- **COLLECTED MATERIAL**
········

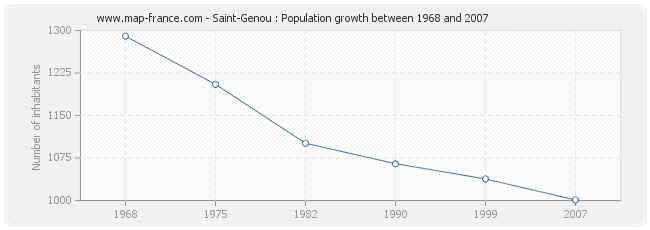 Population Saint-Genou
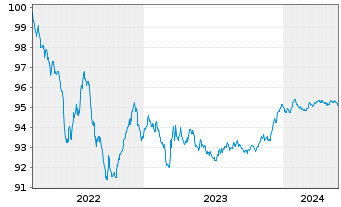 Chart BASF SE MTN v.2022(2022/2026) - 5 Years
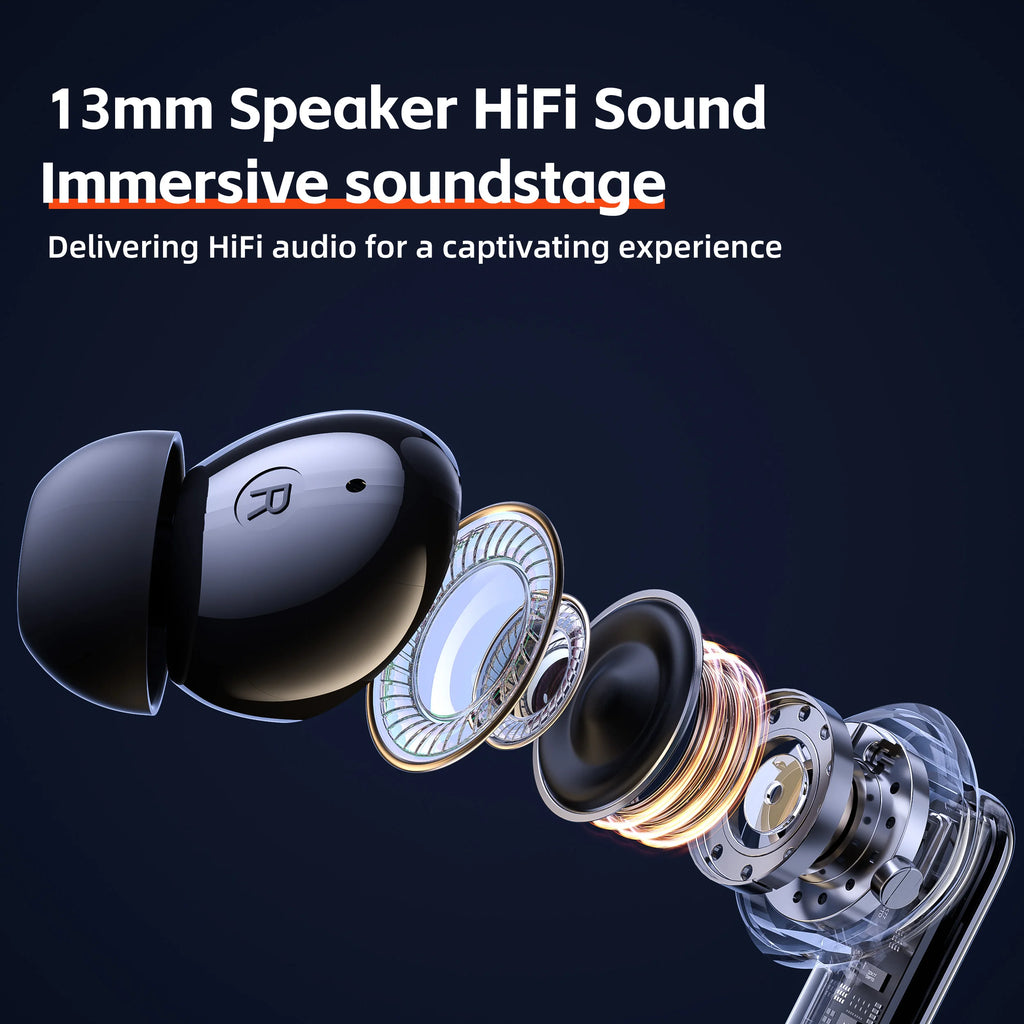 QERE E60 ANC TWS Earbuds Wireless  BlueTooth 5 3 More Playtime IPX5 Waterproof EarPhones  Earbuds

········

- **WHAT THE TASK ASKS**
Restate the material above word for word; pictures do not belong in the copy.

- **RESULT OF THIS EXERCISE**
 Population Saint-Genou
 Chart BASF SE MTN v.2022(2022/2026) - 5 Years
 QERE E60 ANC TWS Earbuds Wireless  BlueTooth 5 3 More Playtime IPX5 Waterproof EarPhones  Earbuds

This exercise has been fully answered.